Chalice's revenues. are driven by commission splits, revenue shares, placement fees, membership fees and a mark-up on the resale of technology on its advisor portal.
What attracted Atlanta to Chalice has less to do with the advisory-side of the business and far more to do with business management, says Bruton.
“Atlanta wanted to monetize their life's work and build an enterprise that has growing value that can, at some point down the road, be monetized.”
“[Given] the brief history of our business, that we're able to have somebody like Atlanta recognize the major benefits of affiliating with us [is great],” Bruton adds.
But the firm is far from a gem ripped from Raymond James' hands and was always somewhat of a misfit, with the bulk of the $12 billion in assets it administers held elsewhere, says a source with high-level links to Raymond James, via email.
“They were bought as part of the Morgan Keegan acquisition [in 2012], but it was an unusual fit for an employee-based firm like Morgan or Raymond James … [and] the assets in its custody that it held away from Morgan and Raymond James had little to no profit margin. Institutional business rarely does.”
Such non-retail institutional assets include, for instance, money management for endowments and non-profits, as well as 401(k) assets.
Rod Hennek, Atlanta's managing director and founder, initially indicated he would answer questions via email, but ultimately declined to comment. Instead, he referred only to a press release statement.
RIABiz wanted to ask Hennek about Atlanta's relationship with Raymond James--including whether it held an equity stake--his firm's custodial relationships, the likely final value of assets to be transferred to Chalice's broker and what motivated the move.
The release states: "Chalice's ability to provide institutional quality support and services via full service brokerage and capital markets in addition to their willingness and empathy in supporting the wants and needs of independent RIAs designated that they are a great fit for our firm and clients."
No capital was provided to Atlanta to facilitate the move, nor was Chalice's loan-fund a factor, a firm spokeswoman confirmed.
Both firms foregrounded alternatives. Indeed, the 2014 press release that announced Gregg's appointment as President of Aequitas Capital Partners, a division of Aequitas Capital, described the firm as an "alternative investment management company" and in an interview with Opportunist Magazine, also in 2014, Gregg lauded "alternatives". See: The unbelievable series of missteps that sent Aequitas, its RIA clients and their investors, reeling.

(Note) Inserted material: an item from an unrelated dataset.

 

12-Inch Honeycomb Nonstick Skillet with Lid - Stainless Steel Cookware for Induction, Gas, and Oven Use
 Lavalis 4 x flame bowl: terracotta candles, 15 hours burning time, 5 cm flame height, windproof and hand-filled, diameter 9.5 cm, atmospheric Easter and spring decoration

The firm's Venture.co link-up marks another aspect of the strategy Gregg is convinced will work now that he is no longer "a hired gun", a fact he made clear in an interview with RIABiz in late-April. See: Derek Bruton joins Keith Gregg as Chalice Wealth Partners makes urgent Dynasty-lite bid bolstered by $4.5 million and Aaron Schumm.

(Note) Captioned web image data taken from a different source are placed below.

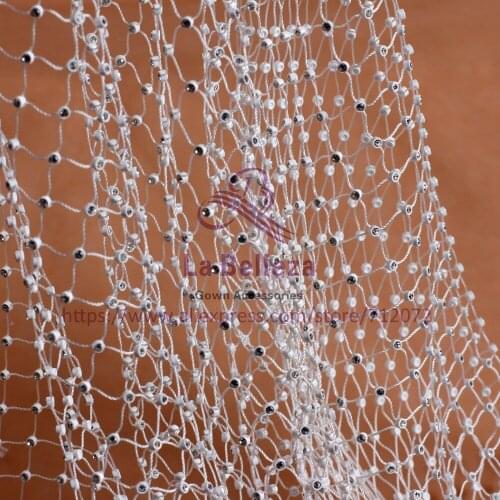 La Belleza Off white crystal Extensible net lace trimming Extensible 2 yards/lot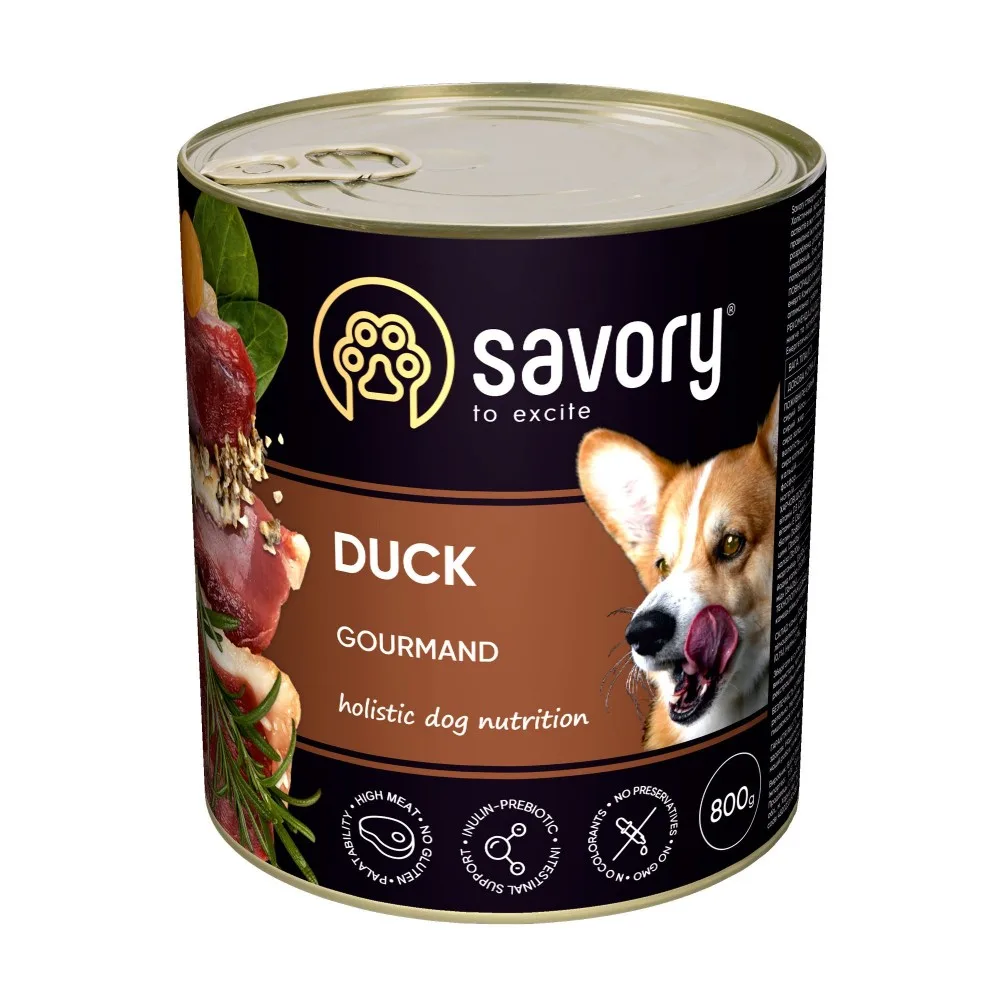 Корм вологий Savory Dog Gourmand Duck паштет для дорослих собак усіх порід з качкою 800 г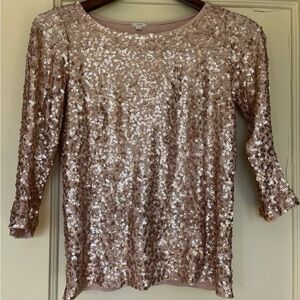J.Crew Gold Sequin Shirt Top Blouse XS S Sparkle Metallic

Venture.co will provide Chalice with an alternative investments portal that includes direct investments in real estate, growth stage companies, private securities, and the energy sector.
It may also manage future fundraising rounds for Chalice and its client RIAs, says Joseph Ventresca, Venture.co's managing director of investment banking, via email. “We assisted Chalice in their [early] equity raise … and will do whatever we can to help them or their firms in future rounds.”

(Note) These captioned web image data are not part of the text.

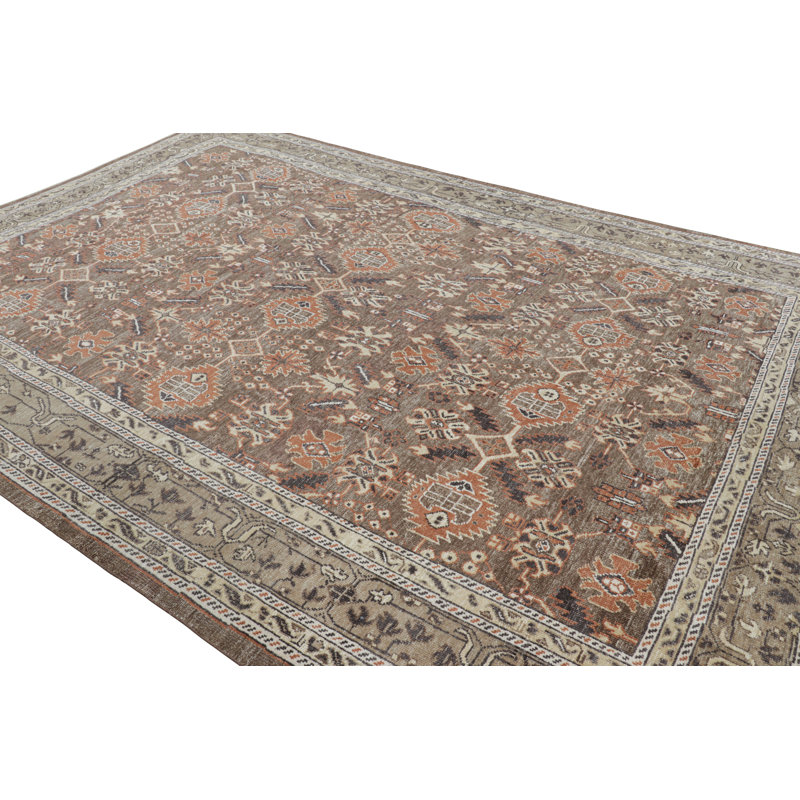 Rug & Kilim’S Oushak Style Rug In Beige-Brown With Floral Patterns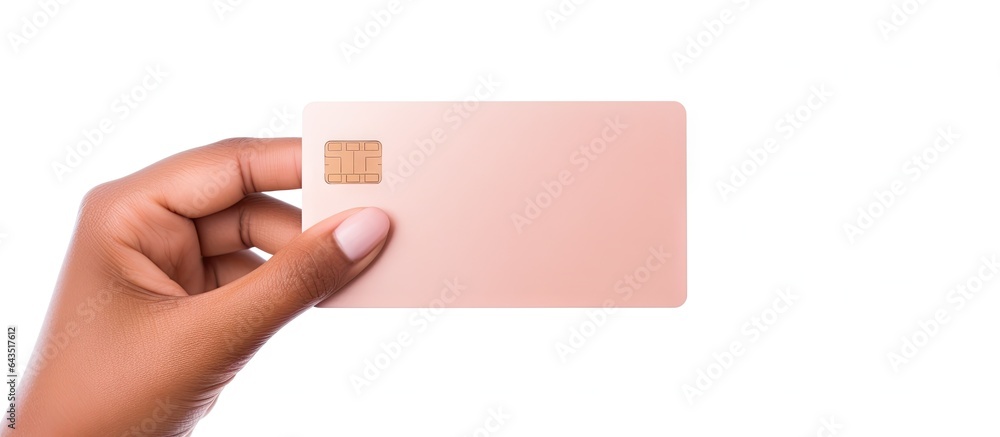 Obraz premium Woman displaying empty business card on white studio backdrop with copy space cutout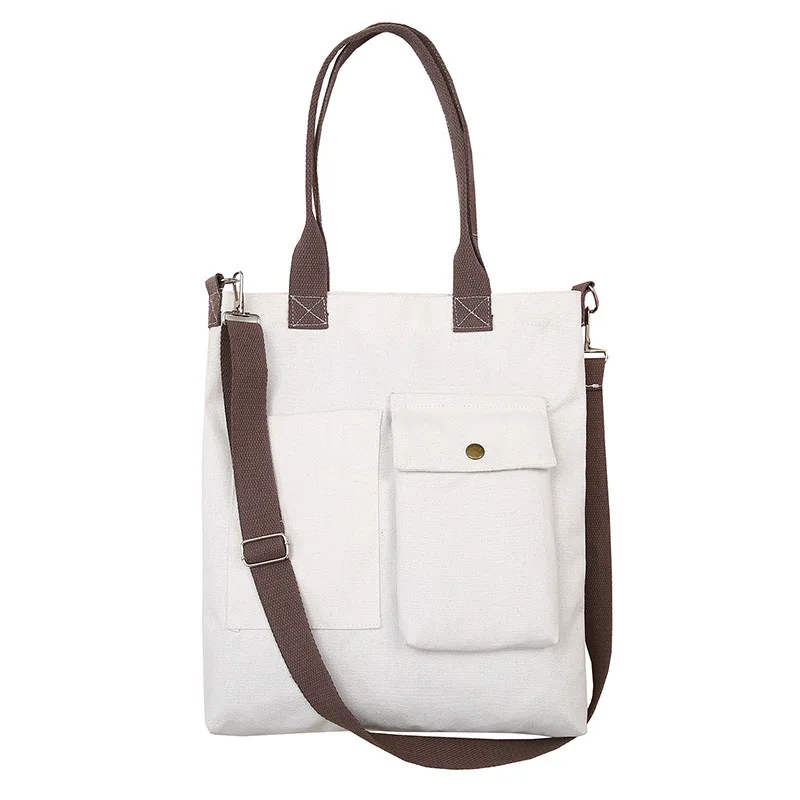 

Ougger Medium Handbags Women's Shoulder Bag White Canvas Fashion Casual Flap Bag for Shopping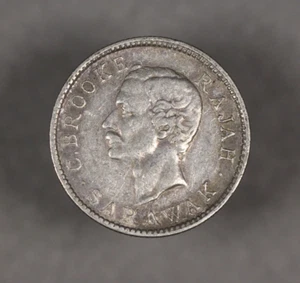 1900 H Sarawak Silver 5 Cents - Picture 1 of 2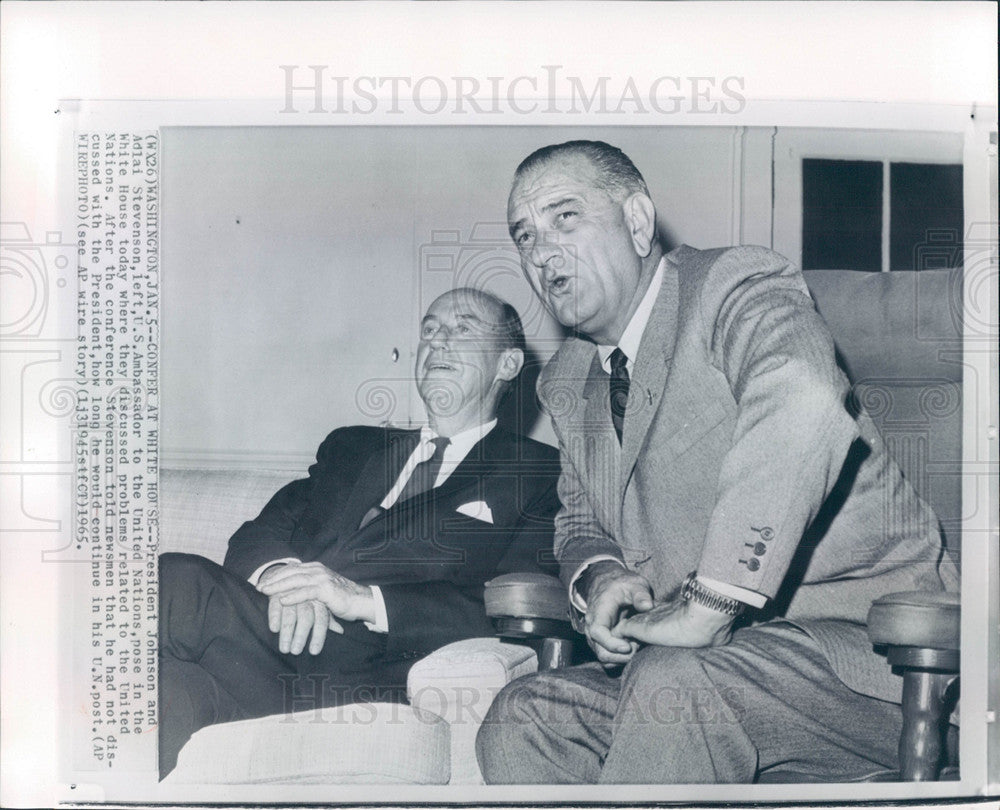 1965 Press Photo President Johnson,Adlai Stevenson - Historic Images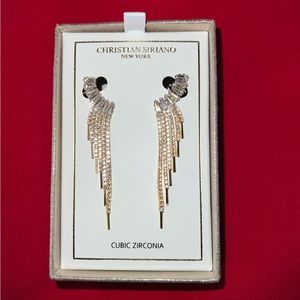 Gold-Toned Winged Rhinestone Sparkling Tassel Earrings (NIB)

Bruton accepts the premise that top-notch technology is a sine qua non for a broker-dealer these days, "because you can't truly control the growth of same store sales. You've got to recruit, but you can't recruit if you don't have good technology," he explains.
"Adding more business to a B-D has always been the lifeblood of such firms … [but] B-Ds can't sit there and say [to affiliated RIAs] I need you to bring in 50 accounts or you're fired ... this is the independent world."
Now it is Giles' job to ensure the technology purrs. How well early adopters like Atlanta take to it will significantly shape market attitudes.